Looking at the above grape varietals you might have mistaken our farm for a Simonsberg producer, but no, our Tukulu soils and north facing aspect in Elgin makes for the perfect (warmer) cooler climate site, with well drained gravel soils, over a deep layer of clay. We aren’t immune to the Elgin trend of Chardonnay and Pinot Noir though! The open field below my Dad’s fynbos garden has been fallow for over 22 years, and we finally decided to take the plunge and plant it to Chardonnay. The block has been named after Mike Kreft’s first grandchild, Maggie, who has overseen many of the developments on visits with Jenna and Simon.
We know that Elgin Chardonnay is in high demand and we are excited to try our hand at it, and we still need to identify which winemaker will be the caretaker of these grapes. We need to find a great home! Perhaps bubbly, as we can get it off early in the season before the birds descend, or a really special Chardonnay still wine. We will keep you posted!
We are also grateful to work with some creative and delightful garagiste winemakers who take small parcels of our grapes, one of whom does so in a cold truck up to Johannesburg. We have also had a long association with the Wallace family, with Paul Wallace advising Dad on varietals to plant and ongoing viticultural consulting. They also took some of our Merlot for their acclaimed Crackerjack blend.

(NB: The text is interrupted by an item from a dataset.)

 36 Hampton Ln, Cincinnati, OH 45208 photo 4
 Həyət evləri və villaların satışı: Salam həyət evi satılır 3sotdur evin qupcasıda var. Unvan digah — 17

We are in an exciting and challenging new chapter, and we are very happy to be sharing Belfield wines with you in their new incarnations. We think Dad would be proud and a bit tickled with the winemakers doing great things with his grapes, just as he did with the wines produced in the Belfield cellar. Now we get to focus on the stuff he loved most, the farming, and the sipping of a “Belfield” wine on the stoep or in the bush. We miss you dearly Dad and toast you with a beautiful array of your farming work and love, bottled.